____ Data for review

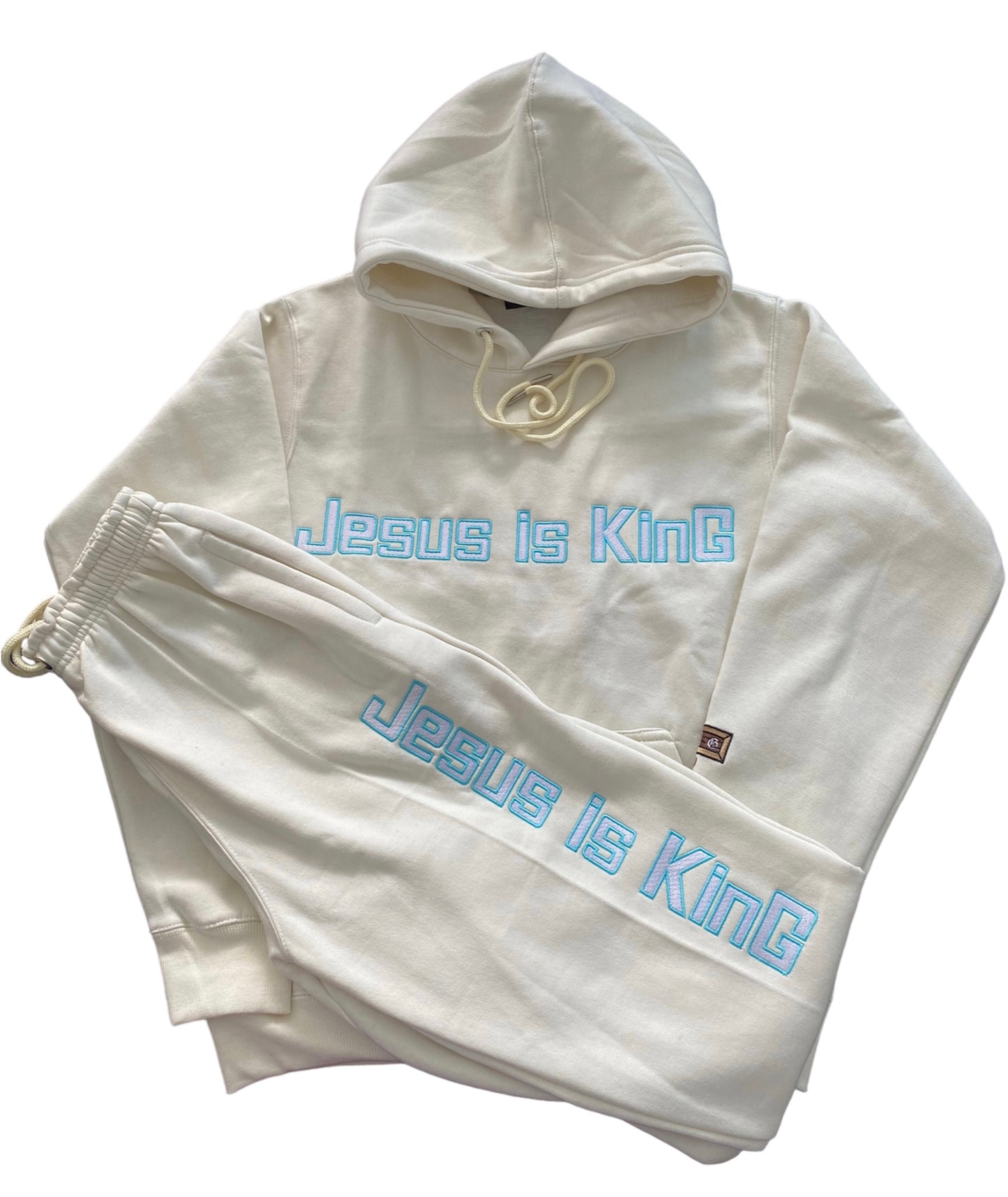 J.I.K Sweatsuits Off - White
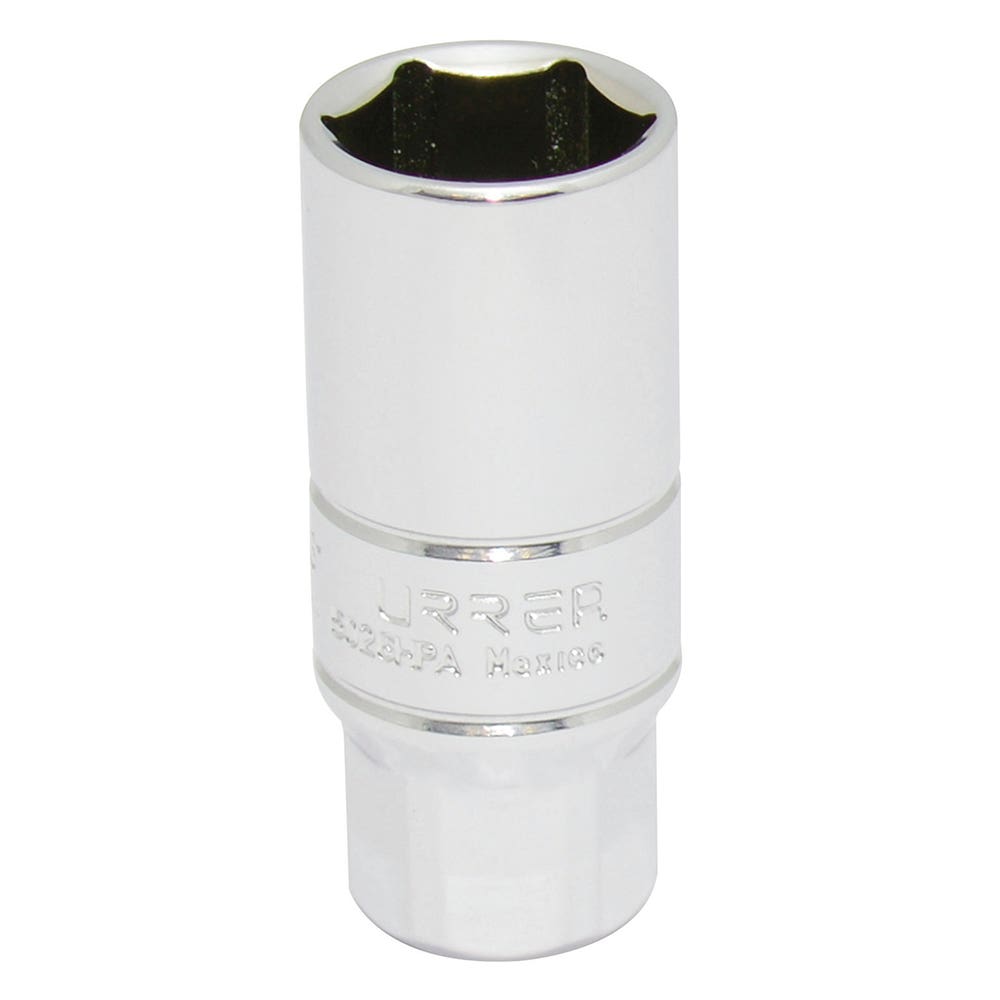 Dado para bujía con neopreno cuadro de 3/8", 13/16" en pulgadas Urrea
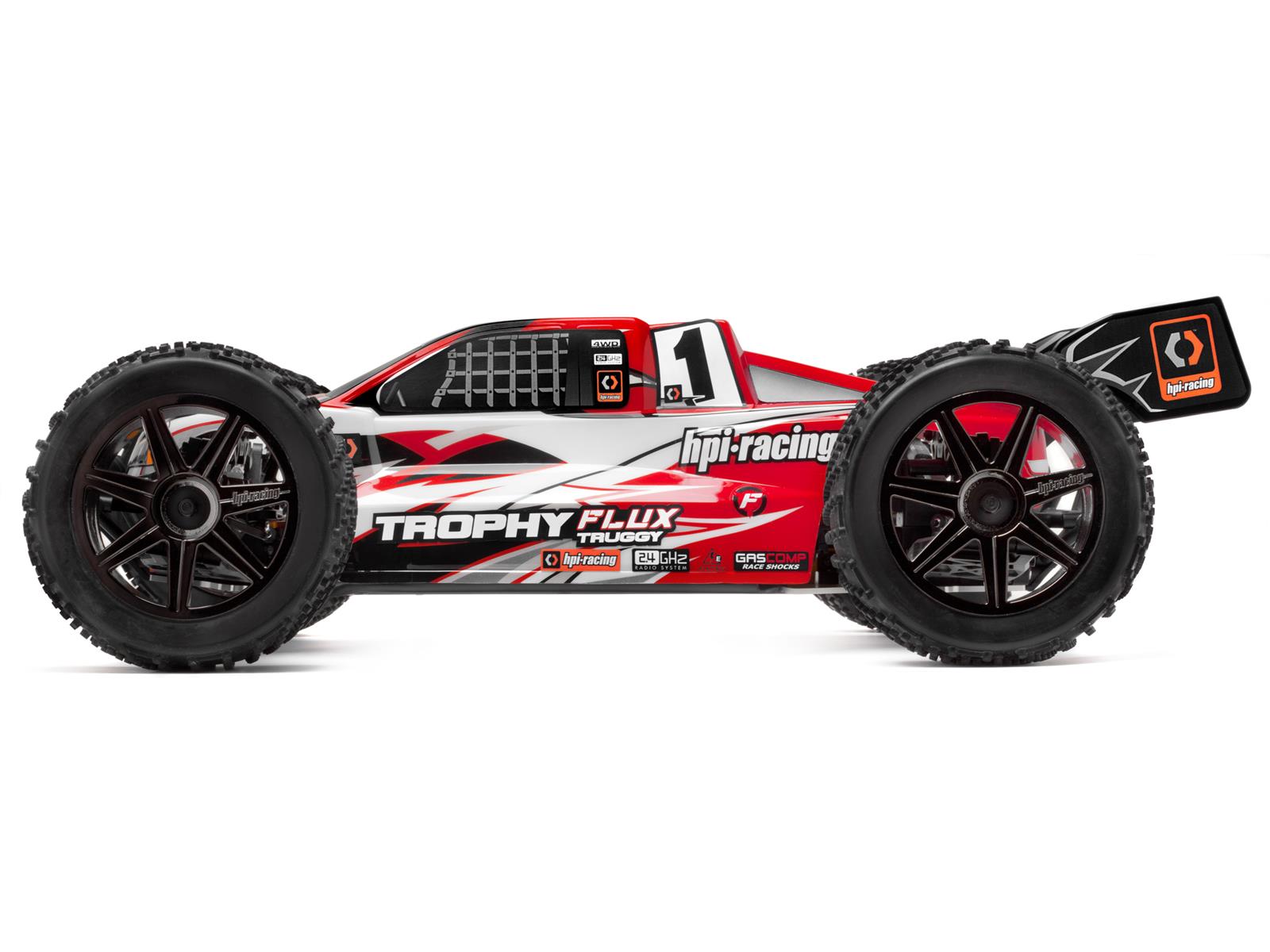 HPI Trophy Truggy Flux 1/8 Brushless RTR 2.4GHz 107018
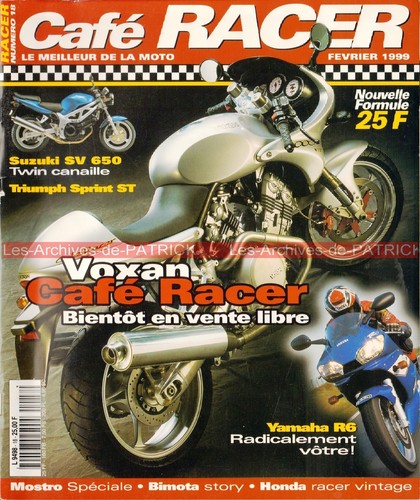 Café racer voxan 1000 - 18,
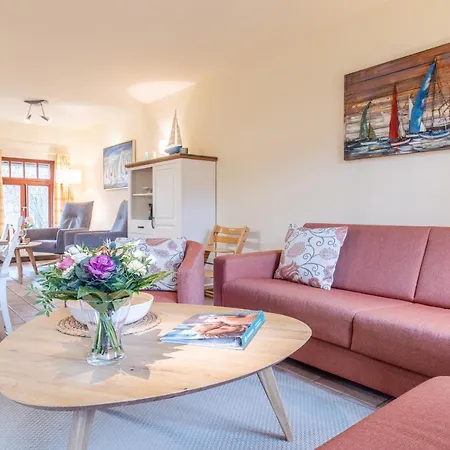 Ferienhaussiedlung Strandperlen Sanddornhof 4b 別荘 ヴストロ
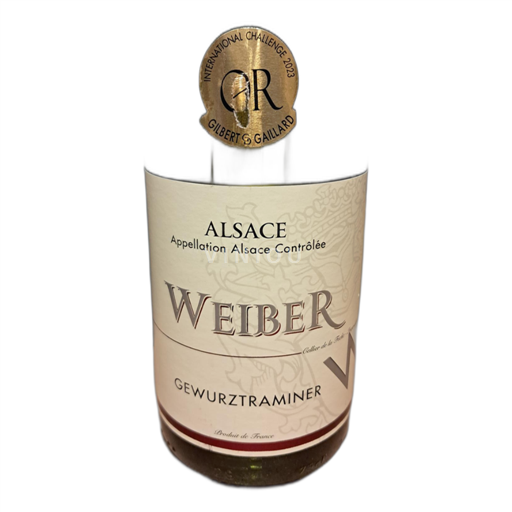 Alsácia Gewurztraminer Weiber 2021 2021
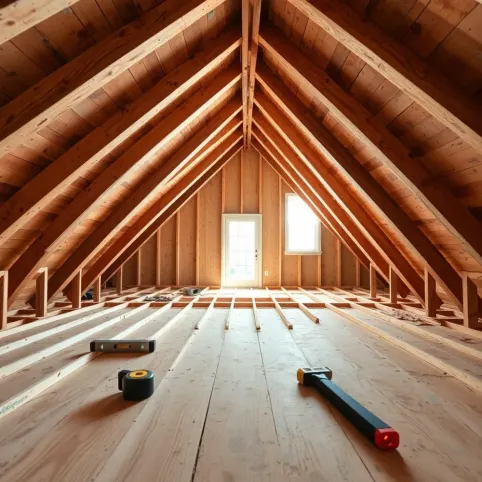 Jak zrobić podłogę na poddaszu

________

All of the entries above are to be duplicated exactly, with every image left out.

Solution to the exercise:
 J.I.K Sweatsuits Off - White
 Dado para bujía con neopreno cuadro de 3/8", 13/16" en pulgadas Urrea
 HPI Trophy Truggy Flux 1/8 Brushless RTR 2.4GHz 107018
 Café racer voxan 1000 - 18,
 Ferienhaussiedlung Strandperlen Sanddornhof 4b 別荘 ヴストロ
 Alsácia Gewurztraminer Weiber 2021 2021
 Jak zrobić podłogę na poddaszu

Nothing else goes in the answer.